PDA

View Full Version : Folding@4850


initialised
06-27-2008, 06:11 PM
I borrowed a pair of HIS 4850 512MB GDDR3 :D
Swapped them out for my 2900s, no driver reinstall was required, but a total of three reboots (off, install, boot, reboot, reboot) were needed.

Folding on Crossfire 4850s

http://farm4.static.flickr.com/3113/2616370895_1641168b80_o.jpg

~936 iterations per second with 96% load on GPU1 and 24% on GPU2. All GPU usage can be attributed to F@H since at the desktop I get 0 GPU usage on both cards.

http://farm4.static.flickr.com/3263/2616371117_f10a5b912b_o.jpg

I may be wrong but I believe that the 24% on GPU1 is folding activity since it remains at 24% when the display is closed.

http://farm4.static.flickr.com/3159/2617246396_a8cda93124_o.jpg

However with Crossfire disabled I get ~910-970 iterations per second (image shows 961/97%, 940/96% is typical) 0 iterations per second with 96% GPU .

http://farm4.static.flickr.com/3070/2617298618_826a6ec6bb_o.jpg

So it would appear that the 24% usage on GPU2 is pretty much waste since a single card gives similar performance. However, in Crossfire GPU utilisation and folding performance were more consistent hopefully this will improve with ATi's drivers and future releases of F@H-GPU.

The core doesn't clock to 625MHz as it should under load on either card, when this is fixed in the client expect to see a further 25% when that is fixed.
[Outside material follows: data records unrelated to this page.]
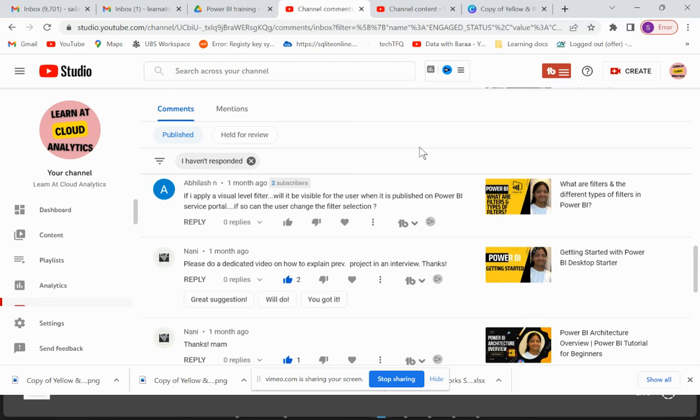Hi everyone, welcome back to my channel Learn Cloud Analytics. In this video we are going to talk about if we publish a workbook on Power BI Service using a visual level filter, will the filters be visible to the end users?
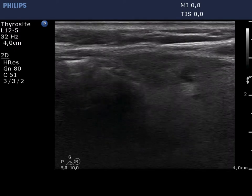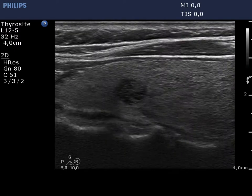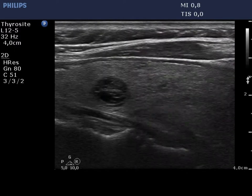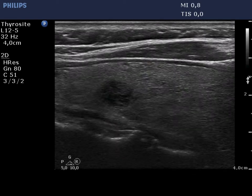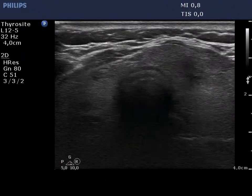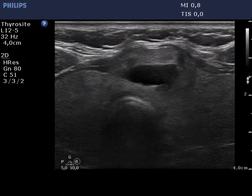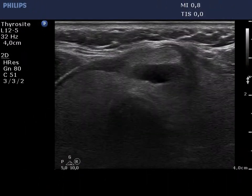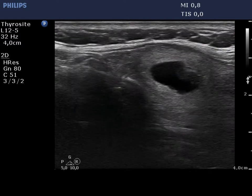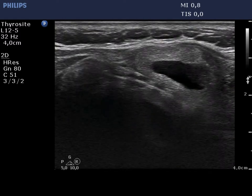The lesion presented here contains back wall figures caused by posterior enhancement. There is a central type cyst with an echonormal solid part.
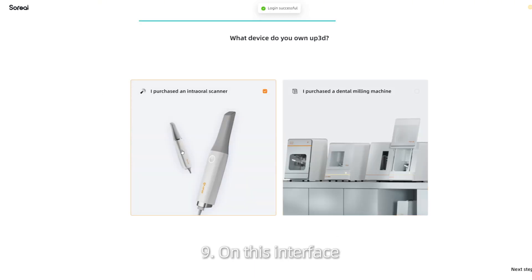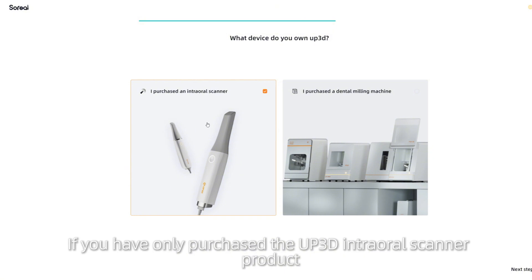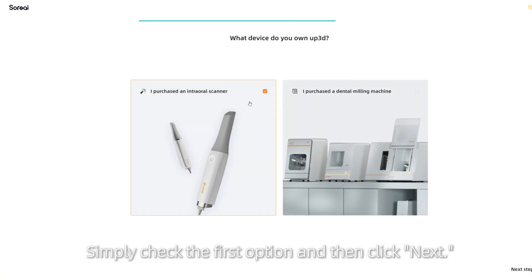On this interface, if you have only purchased the UP3D intraoral scanner product, simply check the first option and then click Next.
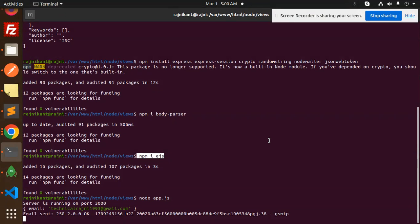These are the npm packages you need to install. Any doubt or query, let me know in the comment section. Thank you so much for watching this video, have a great day!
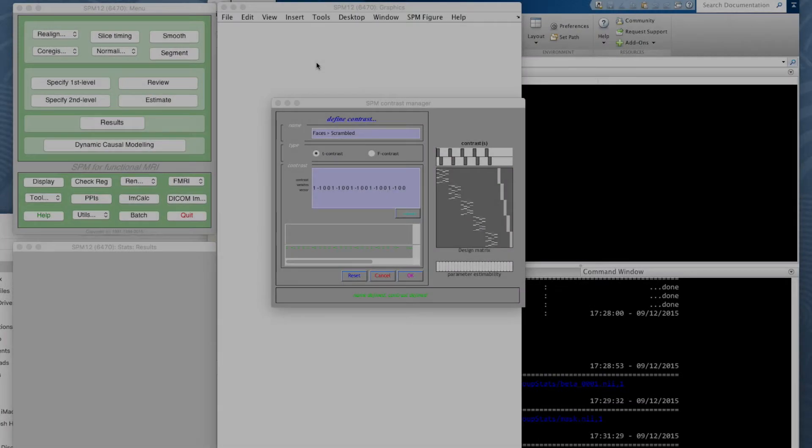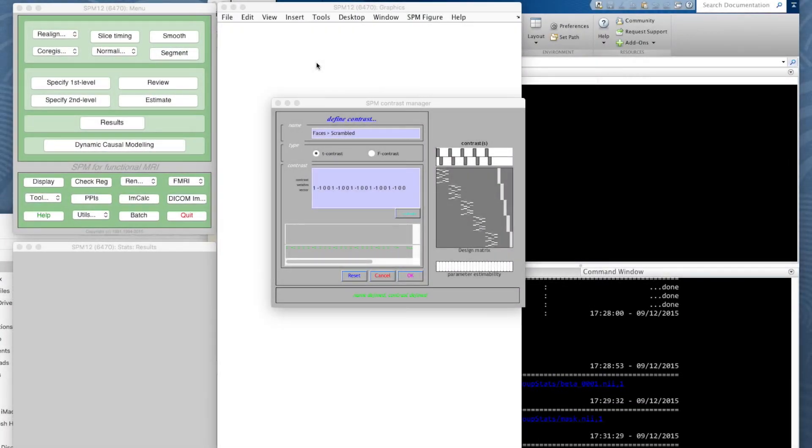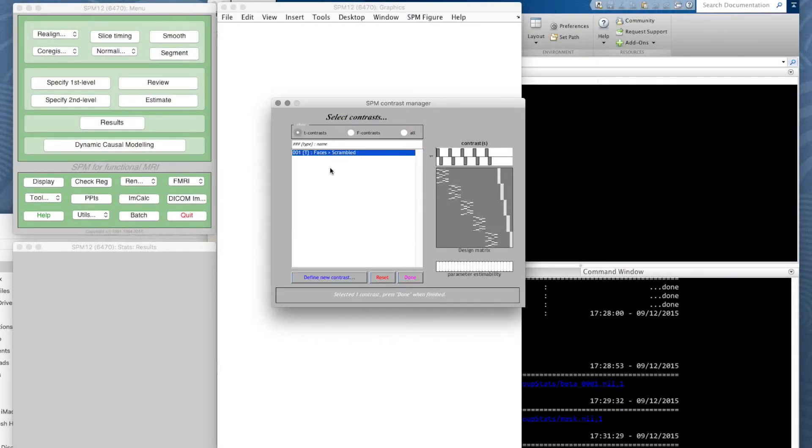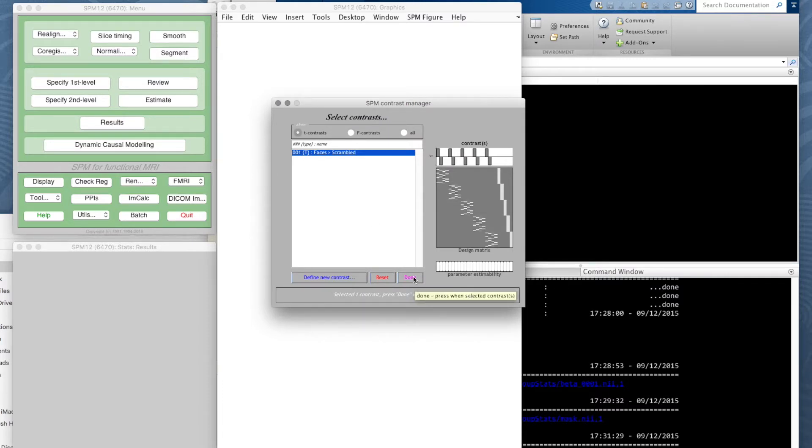We're going to define a lot more contrasts, but for now we'll stick with just this single one we've got, which should show us those voxels more activated by faces than by scramble. Let's click done on that.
On my HD2900XT cards in Crossfire I get ~640 iterations per second so that is a 46% increase in folding performance. Also am I right in thinking that one iteration is approximately 1GFLOP?

System used:
E4600 @ 3.2GHz (400x8)
2x1GB DDR2 FleXLC 4-4-4-12 800MHz
Ragimus Formula BIOS: RF-401

lowfat
06-27-2008, 06:17 PM
I don't think this is exactly news...But while we are here what kind of PPD are you getting per card?

bowman
06-27-2008, 06:22 PM
I get over 4200 iter/s on my 8800GTX. Such a shame about the ATI client, the 4870 really ought to be almost twice as fast if not twice as fast. I hear they've got an update 'focused on the 4 series' on the way, let's hope it can really unleash the cards.

Calmatory
06-27-2008, 06:27 PM
I get over 4200 iter/s on my 8800GTX. Such a shame about the ATI client, the 4870 really ought to be almost twice as fast if not twice as fast. I hear they've got an update 'focused on the 4 series' on the way, let's hope it can really unleash the cards.

If OP's guess/whatsoever is anywhere near the truth, 8800GTX should be 4,2 TFLOP card. :D

Guess this thrashes OP's guess, or then the iterations can't be compared for some unknown reason.

Someone enlighten us!

xVeinx
06-27-2008, 06:37 PM
It seems that the client this time around was written using the CUDA API from nvidia, so it seems more natural for the ATI cards to (at least initially) not perform as well. On the other hand, past performance of the 3xxx series wasn't as good with the brook+ version coded with it in mind. As people have noted here and on the F@H forums, the size of the WUs processed and other factors have to be taken into consideration, but it seems that CUDA has made some significant leaps in it's usability and general performance from the state it was in prior to this last update or so. If CUDA or at least Brook+/OpenCL can be made to take advantage of the full architecture of the 3xxx/4xxx series, that would be great...

initialised
06-27-2008, 06:50 PM
I don't think this is exactly news...But while we are here what kind of PPD are you getting per card?No, maybe not news but a few people out there wanted to see folding performance and having it here seems relevant since nVidia has been shouting about Folding@Home (amongst other things) recently. BTW 'Game physics capability' is listed on the back of the box, under 'Features & Benefits' I expect to see more on this soon.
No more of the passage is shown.